The race committee boat acts as first responders — for items blown overboard on up to spinnaker disasters, Ryan said. He has earned the appreciation of the sailors for his ability to evaluate wind and water conditions and offer on-the-spot changes of course, when necessary, to improve the race experience. He worked diligently and with a smile this day, continuously checking the wind and tides to get the sailors a broadside-to-the-wind 6 p.m. start.
After the start, the winds shifted to the south and died down, and Ryan shortened the course from six to three leeward legs, as competitors enjoyed warm breezes and a scenic sunset before heading back to the club to celebrate their smooth sailing. The beautiful afternoon, that last Wednesday in May, ended with a much-anticipated chili cook-off.
Unlike many traditional yacht clubs, Breakwater is a nonprofit, “non-elitist” organization with a focus on youth programs and charity work in the community. Started in May 1987 by a group of local businesspeople and sailors who enjoyed racing on Wednesday evenings, the club was founded with 75 original members. It now leases from Sag Harbor Village a waterfront property on Bay Street.
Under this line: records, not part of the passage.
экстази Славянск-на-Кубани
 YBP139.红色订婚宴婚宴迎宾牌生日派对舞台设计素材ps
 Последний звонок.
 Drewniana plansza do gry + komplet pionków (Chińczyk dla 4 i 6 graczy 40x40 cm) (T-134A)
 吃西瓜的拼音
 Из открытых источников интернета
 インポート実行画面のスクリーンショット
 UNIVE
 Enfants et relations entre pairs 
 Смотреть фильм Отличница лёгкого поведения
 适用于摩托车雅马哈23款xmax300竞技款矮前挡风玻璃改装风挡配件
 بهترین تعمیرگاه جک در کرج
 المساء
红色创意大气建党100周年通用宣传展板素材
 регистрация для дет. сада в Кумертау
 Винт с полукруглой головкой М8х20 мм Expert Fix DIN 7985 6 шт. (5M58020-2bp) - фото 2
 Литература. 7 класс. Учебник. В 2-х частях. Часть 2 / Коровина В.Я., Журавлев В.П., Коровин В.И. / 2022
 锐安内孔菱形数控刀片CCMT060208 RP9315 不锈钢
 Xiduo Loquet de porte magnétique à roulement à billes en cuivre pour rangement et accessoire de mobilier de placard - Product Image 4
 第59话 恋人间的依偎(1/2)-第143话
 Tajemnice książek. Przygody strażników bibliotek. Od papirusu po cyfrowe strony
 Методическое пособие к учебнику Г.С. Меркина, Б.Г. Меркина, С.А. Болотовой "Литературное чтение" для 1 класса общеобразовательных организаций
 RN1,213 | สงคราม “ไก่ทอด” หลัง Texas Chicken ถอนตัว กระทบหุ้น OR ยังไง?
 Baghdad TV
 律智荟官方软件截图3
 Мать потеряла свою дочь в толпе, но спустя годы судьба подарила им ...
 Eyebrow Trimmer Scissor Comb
In addition to lessons for kids and adults, the club offers a program for young sailors from East Hampton High School, the Ross School, and Pierson, who sail in the harbor on many weekday afternoons. The students also have opportunities to race other Long Island high school teams in regattas at Port Jefferson and Oyster Bay.
Between May 1 and Oct. 1, the Breakwater Yacht Club’s Wednesday night races often have 30 or more boats at the starting line, with courses for novice and expert sailors. The club’s summer series consists of three racing classes — spinnaker divisions I and II and a non-spinnaker division — with races beginning at 6 p.m. in the area west of Majors Cove.